# Interior point

## Main idea

Instead of minimizing $c^Tx$ while avoiding the constraints, we define a barrier function $F(x)$ which blows up to infinity as we approach the barrier. then we minimize

$t c^T x + F(x)$

for some scaler t, which indicates how much we care about the objective vs the barrier.

Now we can use newton's method and other gradient based methods.

## Newton's method

The taylor approximation for a multivariate function is

$f(x + h) \approx f(x) + h^T\nabla f(x) + \frac{1}{2} h^T \nabla^2 f(x)h$

We want to pick $h$ such that the quadratic approximation is minimized so we take the gradient/differentiate w/r to h

$\nabla_h f(x+h) \approx \nabla f + (\nabla^2 f)h$

Equate to zero and solve for $h$

$\nabla f + (\nabla^2 f)h = 0 \implies h = -(\nabla^2f)^{-1} \nabla f$

Therefor the update rule is

$x_{n+1} = x_n + h = x_n - (\nabla^2 f)^{-1}\nabla f$

A key fact about newton's method is if we're close enough to a local optimum we get quadratic convergence.

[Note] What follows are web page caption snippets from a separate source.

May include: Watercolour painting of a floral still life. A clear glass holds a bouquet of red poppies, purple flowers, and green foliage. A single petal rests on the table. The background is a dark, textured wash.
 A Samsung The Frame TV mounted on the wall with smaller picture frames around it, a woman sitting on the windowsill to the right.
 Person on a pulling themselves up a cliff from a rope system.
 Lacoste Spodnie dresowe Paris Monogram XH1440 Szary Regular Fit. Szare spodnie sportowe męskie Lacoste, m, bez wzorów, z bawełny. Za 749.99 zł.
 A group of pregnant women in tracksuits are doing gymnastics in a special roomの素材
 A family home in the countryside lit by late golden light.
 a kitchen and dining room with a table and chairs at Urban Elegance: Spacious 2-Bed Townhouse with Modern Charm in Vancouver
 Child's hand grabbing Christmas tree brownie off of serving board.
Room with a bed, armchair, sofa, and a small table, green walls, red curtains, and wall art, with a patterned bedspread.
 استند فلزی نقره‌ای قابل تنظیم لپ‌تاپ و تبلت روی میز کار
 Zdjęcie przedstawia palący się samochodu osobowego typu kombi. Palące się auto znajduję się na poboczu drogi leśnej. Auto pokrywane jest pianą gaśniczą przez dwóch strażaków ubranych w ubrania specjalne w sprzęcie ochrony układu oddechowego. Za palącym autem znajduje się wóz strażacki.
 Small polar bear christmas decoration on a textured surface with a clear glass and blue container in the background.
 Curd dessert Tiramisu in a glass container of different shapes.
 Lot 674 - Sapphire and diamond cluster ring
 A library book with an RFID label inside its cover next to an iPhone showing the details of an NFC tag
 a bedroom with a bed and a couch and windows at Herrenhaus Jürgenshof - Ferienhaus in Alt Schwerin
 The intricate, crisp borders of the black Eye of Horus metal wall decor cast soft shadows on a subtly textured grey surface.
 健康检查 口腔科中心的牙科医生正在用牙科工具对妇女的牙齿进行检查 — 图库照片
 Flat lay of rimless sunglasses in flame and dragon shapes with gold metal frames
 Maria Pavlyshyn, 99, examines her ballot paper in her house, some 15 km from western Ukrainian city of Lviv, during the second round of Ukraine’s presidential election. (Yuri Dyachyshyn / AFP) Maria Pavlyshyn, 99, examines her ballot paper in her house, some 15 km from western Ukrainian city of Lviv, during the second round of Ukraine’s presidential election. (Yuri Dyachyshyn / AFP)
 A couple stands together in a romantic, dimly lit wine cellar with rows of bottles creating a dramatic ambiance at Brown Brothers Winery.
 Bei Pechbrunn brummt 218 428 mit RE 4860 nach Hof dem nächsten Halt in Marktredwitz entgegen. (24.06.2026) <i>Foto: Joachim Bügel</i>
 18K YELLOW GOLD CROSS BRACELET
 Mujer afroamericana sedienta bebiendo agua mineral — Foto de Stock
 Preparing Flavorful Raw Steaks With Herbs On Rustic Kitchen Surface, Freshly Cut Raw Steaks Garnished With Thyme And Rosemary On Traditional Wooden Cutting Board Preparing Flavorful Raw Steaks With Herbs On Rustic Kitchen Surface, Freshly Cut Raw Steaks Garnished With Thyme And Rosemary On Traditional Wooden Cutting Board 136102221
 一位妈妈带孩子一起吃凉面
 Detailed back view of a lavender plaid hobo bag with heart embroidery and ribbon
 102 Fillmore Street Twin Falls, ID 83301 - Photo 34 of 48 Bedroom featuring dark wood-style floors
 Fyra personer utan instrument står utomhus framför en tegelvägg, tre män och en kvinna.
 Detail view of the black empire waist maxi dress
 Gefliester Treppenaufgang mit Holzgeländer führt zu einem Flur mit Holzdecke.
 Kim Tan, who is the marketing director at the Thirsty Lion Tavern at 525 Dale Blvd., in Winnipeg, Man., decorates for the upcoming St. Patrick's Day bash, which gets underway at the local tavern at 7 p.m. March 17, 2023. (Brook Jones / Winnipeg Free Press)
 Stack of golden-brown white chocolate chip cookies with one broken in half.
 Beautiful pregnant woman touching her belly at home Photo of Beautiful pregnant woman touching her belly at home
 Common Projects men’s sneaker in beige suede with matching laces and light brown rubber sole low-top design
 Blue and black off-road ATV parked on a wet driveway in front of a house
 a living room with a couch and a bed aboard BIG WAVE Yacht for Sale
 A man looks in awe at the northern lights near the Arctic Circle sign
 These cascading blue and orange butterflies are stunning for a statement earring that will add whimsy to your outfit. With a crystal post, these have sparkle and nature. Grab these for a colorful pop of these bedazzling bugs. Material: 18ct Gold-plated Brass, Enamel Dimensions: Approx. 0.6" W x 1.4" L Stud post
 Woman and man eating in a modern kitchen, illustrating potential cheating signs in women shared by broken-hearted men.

let $y = Ax$ and $\phi(y) = f(A^{-1}y) = f(x)$ Applying newton's method to $\phi(y)$ is the same as applying it to $f(x)$

Preforming a change of basis we can find the new gradient and hessian

\begin{aligned} \nabla \phi(y) &= (A^{-1})^T \nabla f(A^{-1}y) \\ \nabla^2 \phi(y) &= (A^{-1})^T \nabla^2 f(A^{-1}y) A^{-1} \end{aligned}

Now if we preform newton's method on $\phi(y)$ after some nice cancellation we get

$[\nabla^2 \phi(y)]^{-1}\nabla \phi(y) = A\left([\nabla^2 f(A^{-1}y)]^{-1} \nabla f(A^{-1}y)\right)$

Which is just preforming newton's method in the $x$ world, then transforming back to $y$.

## How much can we increase t

Recall our objective function $tc^Tx + F(x)$, we want to find how large we can set $t'$ such that we're still in the radius of convergence for newton's method.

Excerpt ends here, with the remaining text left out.